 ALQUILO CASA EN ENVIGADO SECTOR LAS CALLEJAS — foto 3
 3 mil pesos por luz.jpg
---
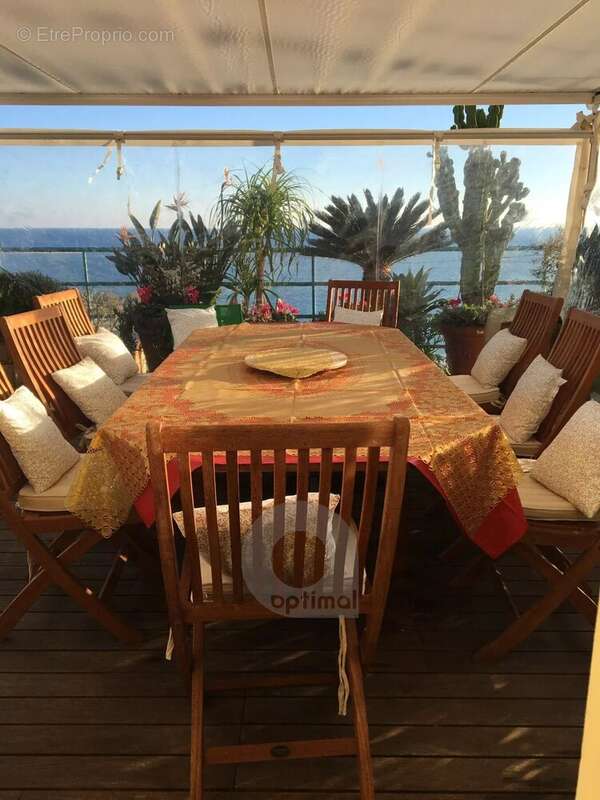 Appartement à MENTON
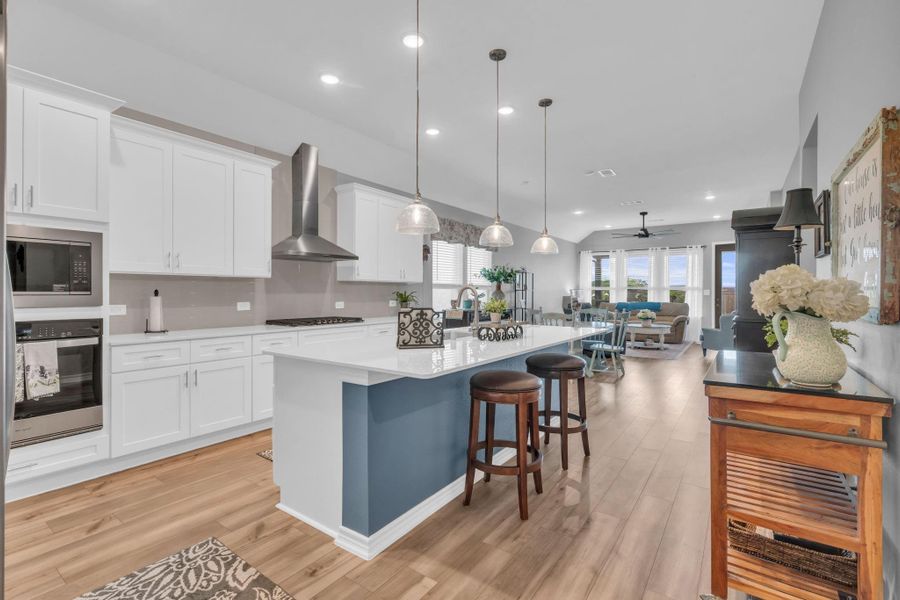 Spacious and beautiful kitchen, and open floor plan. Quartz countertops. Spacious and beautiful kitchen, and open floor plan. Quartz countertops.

Assignment:
Start at the line above containing "Appartement à MENTON" and stop at the line containing "Quartz countertops. Spacious": print those lines and everything between them exactly, but not the pictures.

Response to this exercise:
 Appartement à MENTON
 Spacious and beautiful kitchen, and open floor plan. Quartz countertops. Spacious and beautiful kitchen, and open floor plan. Quartz countertops.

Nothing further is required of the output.